What is required: Restate word for word the lines below from the one that has "A 9ct gold bar" through the one that has "Jake and Stephanie", keeping both and dropping all pictures.

Recorded data:
- - - -

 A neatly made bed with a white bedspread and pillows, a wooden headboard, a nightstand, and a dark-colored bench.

- - - -

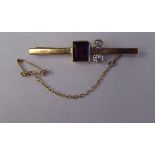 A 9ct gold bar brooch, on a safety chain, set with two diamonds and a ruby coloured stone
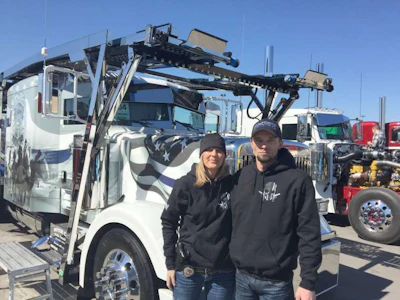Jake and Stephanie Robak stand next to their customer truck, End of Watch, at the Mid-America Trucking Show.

- - - -

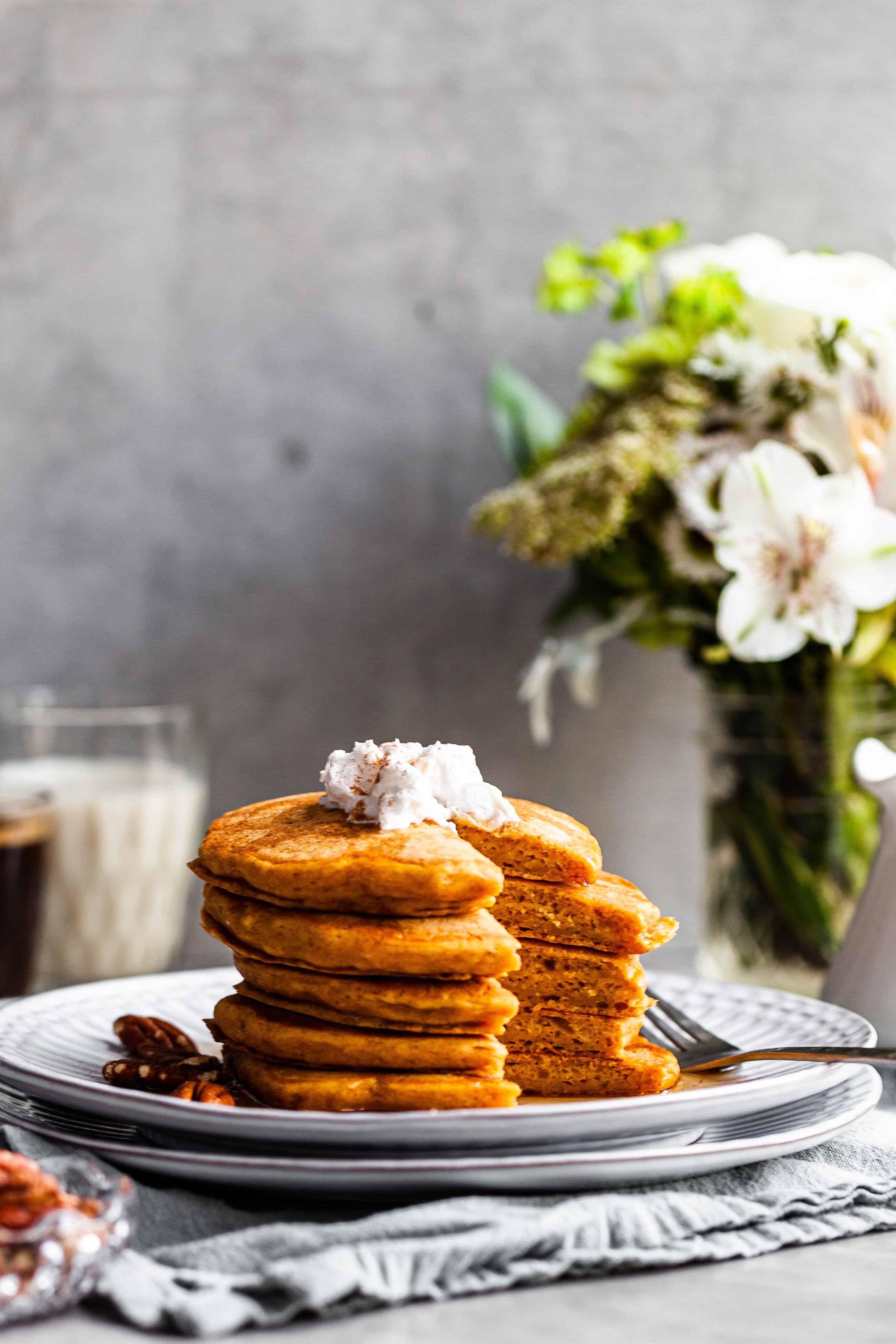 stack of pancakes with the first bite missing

- - - -

Answer area:
 A 9ct gold bar brooch, on a safety chain, set with two diamonds and a ruby coloured stone
Jake and Stephanie Robak stand next to their customer truck, End of Watch, at the Mid-America Trucking Show.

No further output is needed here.